By / Dining / February 23, 2018

River North’s newest dining destination offers sushi and a scene

On the surface, Lettuce Entertain You’s latest eatery offers something hundreds of others in the city do, too: sushi. But since it opened late last year, diners are finding something else at Sushi-san. With throwback hip-hop on the speakers (if you’ve been to sister restaurant Ramen-san, you know the soundtrack), funky decor and a lively crowd, they’re finding a scene. But if it’s the bustle that draws you in, it’ll be the hand rolls that bring you back.

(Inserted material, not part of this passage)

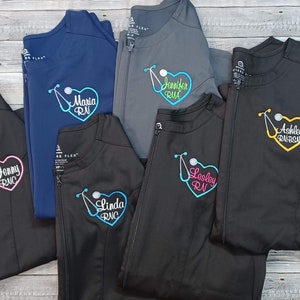 Lightweight Medical Jacket with Custom Personalized Heart Stethoscope Embroidery/Wonder Wink Full Zip scrub jacket/Office Gift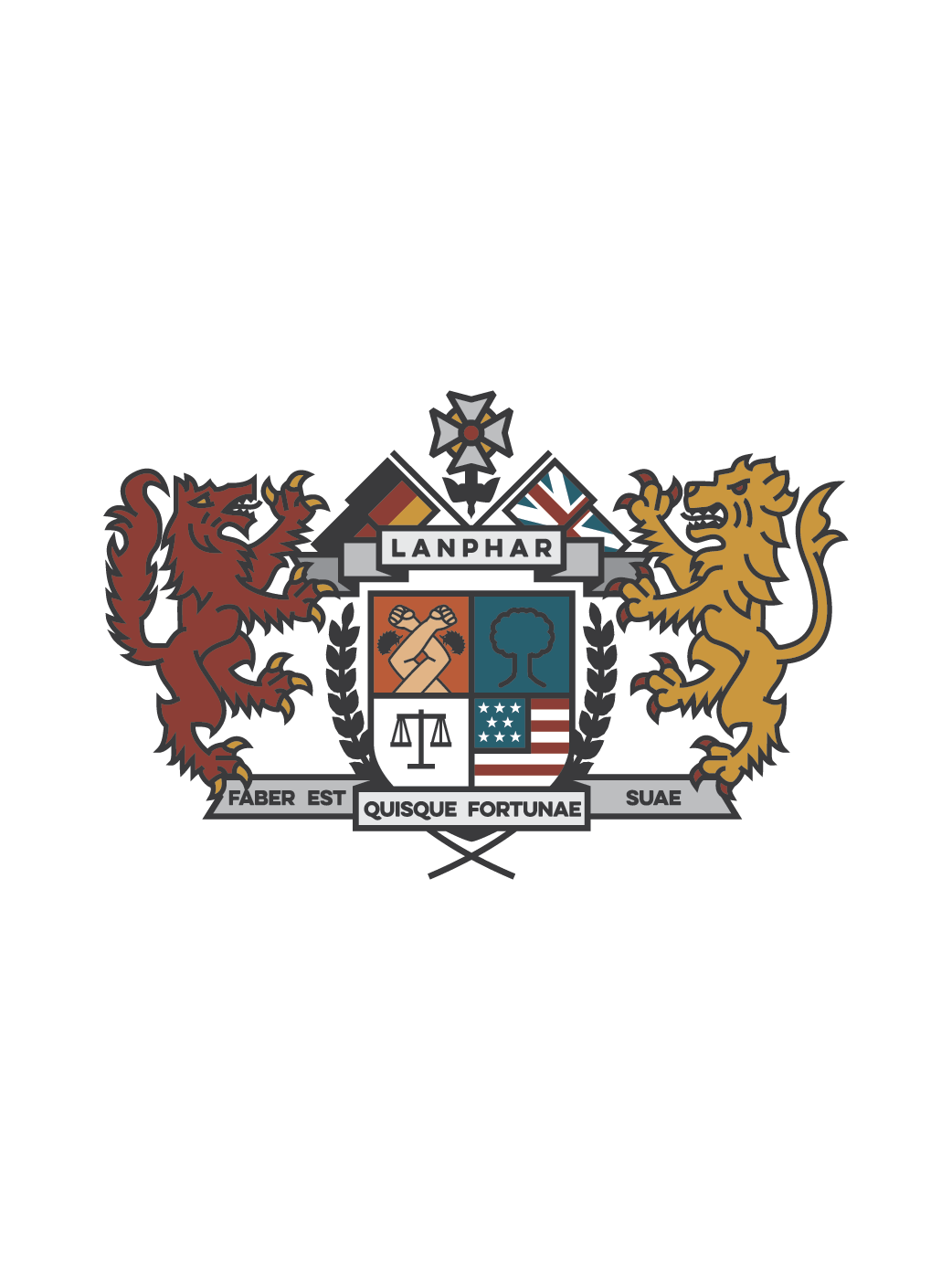 The color version of a Family Crest design, including elements that represent the famil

Fatty Tuna Crisp Nigiri Bombs

Here’s what to expect at Sushi-san:

Approachable fare: “Sometimes it’s intimidating to go to a sushi restaurant,” says general manager Amarit Dulyapaibul. “And it gets really expensive. So we wanted to create an experience where you could come in, you could order a [sashimi] set, have the best bluefin tuna in the city, and be out the door for $40 or $50 per person.”

A trio of cocktails with creative presentations, including one that comes in a takeout container

Super fresh fish: Master Sushi Chef Kaze Chan gets shipments from places like Japan and Spain each day for the maki, nigiri and sashimi. But don’t overlook the rest of the menu: “Some of the unsung heroes are from the charcoal grill,” Dulyapaibul says, pointing especially to the Vietnamese pork with spicy Fresno chilies ($13). “It’s everything that I love about Southeast Asian cuisine.”

Chef Kaze Chan

A seat at the bar: For a table on a weekend, Dulyapaibul recommends calling two to three weeks in advance, but swing by any day to snag a stool at the walk-ins-only hand roll bar, the only place in the restaurant that offers the superb rolls. An exclusive hand-roll menu includes umami scallop, burnt avocado and the must-try crunchy fatty tuna ($5-$16 each). Another option: Reserve one of the four seats directly in front of Chef Kaze for an “Oma-Kaze” dining experience ($88, three seatings per night, Tuesday through Saturday).


Dessert with personality: The final-course menu reads like a comic book, drawn by Lettuce’s in-house illustrator Alex Payne (who started as a bartender at R.J. Grunts, until owner Rich Melman saw his artistic ability on display on the restaurant’s chalkboards a few years ago). The Emochi ($3 each) are adorable and delicious, but the real star is the Japanese breakfast pancakes with matcha butter ($8).